Brunch: Blood Orange Mimosa, Shirred Eggs
Brunched. Not quite breakfast and not quite lunch, here are some inspired twists on classic brunch staples.
Laura Holmes Haddad
aka The Gourmet Grrl
Grrl with Corkscrew
Juicy Fruit. You simply cannot throw a brunch (or attend one) without drinking a Mimosa. Period. But few people pay attention to this brunch standard. Instead of the usual sub-par bubbly and store-bought o.j., elevate this cocktail with some good sparkling wine and blood-red blood orange juice. (If blood oranges are out of season substitute navel or another juicing orange.)
BLOOD ORANGE MIMOSAS
1 bottle good-quality sparkling wine (such as Chandon, Mumm, or Schramsberg)
2 cups blood-orange juice, freshly squeezed
8 blood-orange slices
Mix the champagne with the blood-orange juice in a large jug. Pour into Champagne glasses and garnish each with a slice of orange.

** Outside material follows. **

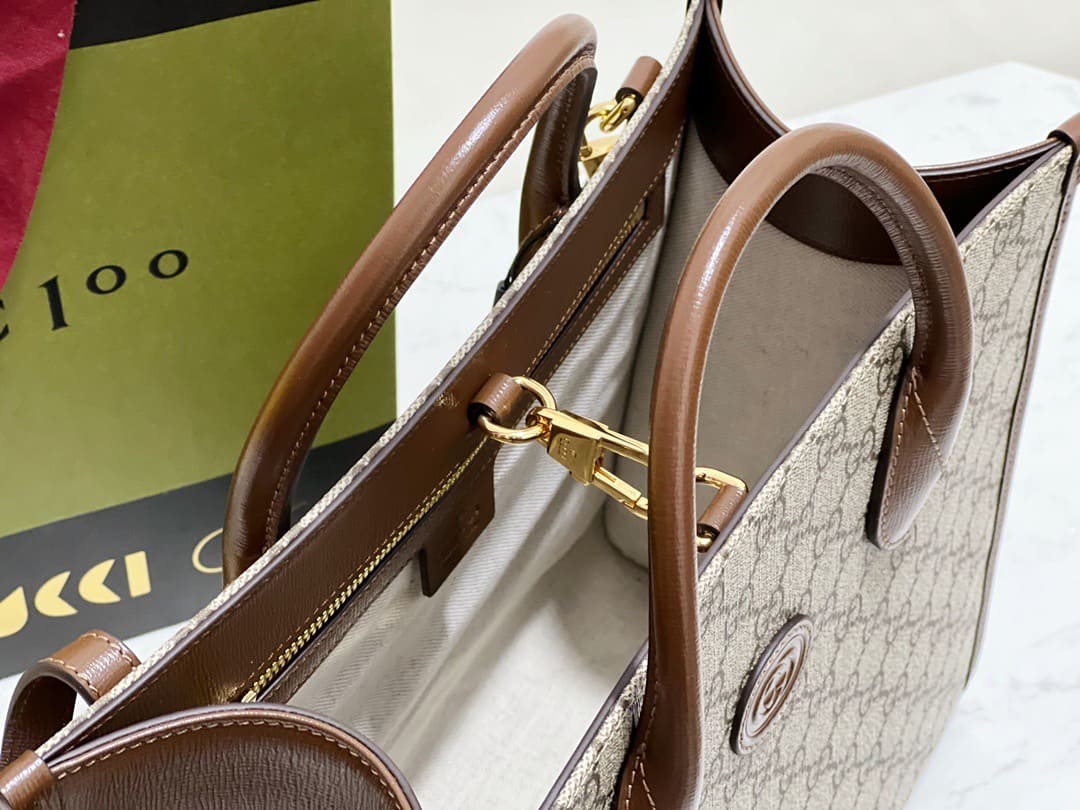 TÚI Gucci GG small tote bag brown Top Quality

Eggs in a Basket. We’re still cooking our way through Ham: An Obsession with the Hindquarter (which we praised heartily a few weeks ago). And we found what might be the best damn brunch recipe ever: creamy baked eggs and crisp, salty prosciutto – hog heaven.
Shirred Eggs in Prosciutto Crudo Cups
1/4 cup heavy or whipping cream
2 tablespoons minced chives or the green part of a scallion
2 tablespoons minced rosemary leaves
Unsalted butter for greasing the muffin tin
12 paper-thin prosciutto crudo slices
6 large eggs, at room temperature
1/2 teaspoon freshly ground black pepper
1. Warm the cream, minced chives, and the rosemary in a small saucepan over medium heat just until little bubbles ring the inside of the pan, 3 or 4 minutes. Cover and set aside off the heat for 30 minutes to steep.
2. Meanwhile, set the rack in the middle of the oven and heat the oven up to 350 degrees F. Lightly butter 6 indentations in a standard muffin tin, or six 1/2-cup oven-safe ramekins.
3. Line each indentation or ramekin with 2 prosciutto crudo slices, crimping and overlapping them to create the outline of the indentation as well as a little lip on each. If necessary, tear the strips so they fill the indentations without any gaps or holes.
4. Set the tin in the oven or the ramekins on a baking sheet and then in the oven. In either case, bake until the prosciutto begins to get crisp at its edges, about 15 minutes.
5. Transfer the very hot muffin tin or the tray with the ramekins to a wire rack and divide the cream mixture among the indentations, a scant tablespoon in each cup.
6. Crack an egg into each indentation, then top each egg with pepper. Set the tin or tray with its ramekins back into the oven and bake just until the eggs are set, about 8 minutes for a softer yolk and 12 minutes for a more set yolk.